Parallel

Mar02: Algorithm Alley

By Timothy Rolfe, March 01, 2002

Graph Traversals

Tim is an associate professor of computer science at Eastern Washington University. He can be contacted at [email protected].

Suppose you need to determine whether you can get from point A to point B. Or what if you have a network problem involving a message being sent using a copy-and-forward protocol. For that matter, assume you need to connect a network of computers using the least amount of cabling. What these problems have in common is that they all involve graphs.

The abstract definition of a graph is a set of nodes (also called "vertices") and a set of edges (arcs) connecting them. The cities, towns, and crossroads on a map, for instance, can be considered nodes, while the roads connecting them can be the set of edges. Traveling the edges of the graph to visit the accessible nodes involves traversal. If the traversal visits each node exactly once, the edges used constitute a spanning tree — the subgraph that connects all the nodes with the smallest number of edges. It spans the graph because it visits all of the nodes, and it is a tree because the starting point has no inbound edge while every other node has exactly one inbound edge.

There are several traversal algorithms that generate spanning trees with different characteristics (depth-first traversal, breadth-first traversal, and priority-first traversal). These algorithms generate different types of spanning trees (for instance, depending on the priority chosen for the priority-first traversal, you get a minimum spanning tree or a single-source/shortest-path spanning tree). Besides traversals generating spanning trees, other graph traversals involve checking all possible paths. With appropriate restrictions on the allowed paths, you can solve the famous Traveling Salesman Problem.

Data Representation

The first order of business is to represent the graph inside the computer. The nodes themselves are easily collected into an array, giving easy access to them for operations that involve all nodes.

In Listing One, I represent the nodes as an array of node objects, where each object contains information about the node (the city/town/crossroad name), and additional attributes used in the graph algorithms.

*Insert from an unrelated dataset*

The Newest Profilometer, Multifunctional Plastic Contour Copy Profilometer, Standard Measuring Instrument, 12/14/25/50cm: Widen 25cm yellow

Specifically, for most algorithms there is a flag keeping track of whether the node has been visited. In addition, I need the distance from the start for the single-source/shortest-paths traversal.

The edges are represented based on the source and destination nodes — even for undirected graphs (where the edges allow travel in both directions), the representation of the edges typically has an implicit direction. You can use a set of linked lists (one for each source node) giving the immediately accessible destination nodes. These are called "adjacency lists." On the other hand, you can use a two-dimensional array (called an "adjacency matrix"), where the row subscript is tied to the source node, and column subscript is tied to the destination node.

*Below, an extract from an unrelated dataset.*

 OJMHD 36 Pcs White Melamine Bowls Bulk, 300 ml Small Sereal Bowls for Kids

I use the adjacency matrix approach. The edges are in a 2D array of pointers to edge objects. The subscript for the node in the node array also represents that node in the adjacency matrix — the [j][k] matrix cell represents the edge from Node[j] to Node[k]. A NULL pointer indicates that there is no connecting edge, while a single-edge object for the j-to-k edge and the k-to-j edge is used. The edge object holds the length of the edge and could hold other information. For example, if you are using the graph to represent a map, the edge might hold both the road distance and the highway designation.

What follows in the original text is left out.